● Exercise instructions: Beginning with the line that holds "Mock Exam Scrum" and finishing with the line that holds "Coquette Soccer Momma", repeat the listing exactly, leaving every picture out.

● Data for the task:

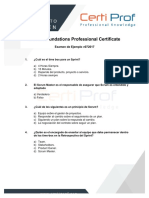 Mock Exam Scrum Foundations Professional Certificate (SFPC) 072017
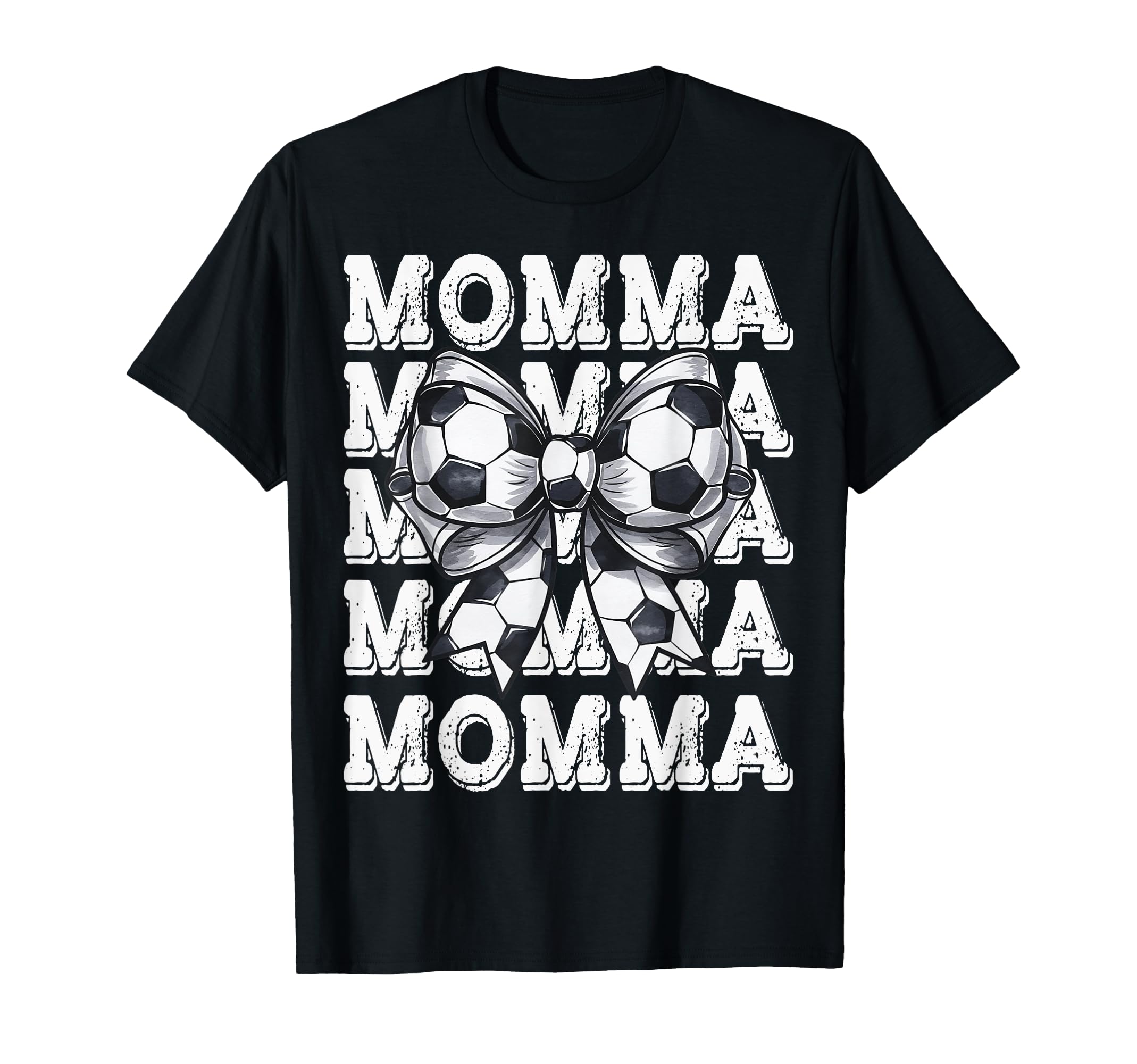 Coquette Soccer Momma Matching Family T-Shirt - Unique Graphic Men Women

--

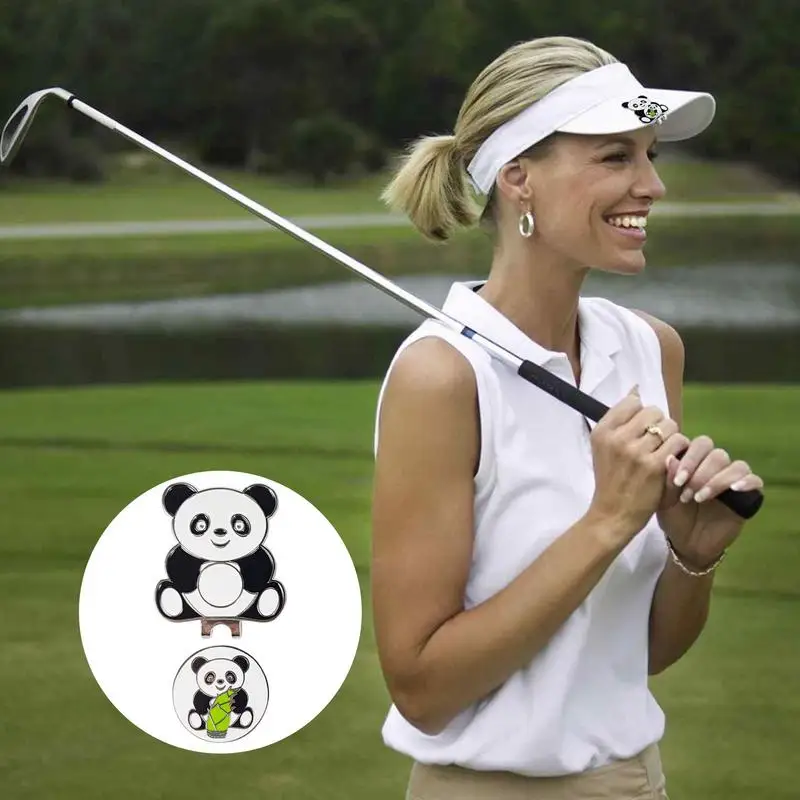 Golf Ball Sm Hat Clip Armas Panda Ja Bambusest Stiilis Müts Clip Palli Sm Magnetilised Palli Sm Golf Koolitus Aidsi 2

● Written answer:
 Mock Exam Scrum Foundations Professional Certificate (SFPC) 072017
 Coquette Soccer Momma Matching Family T-Shirt - Unique Graphic Men Women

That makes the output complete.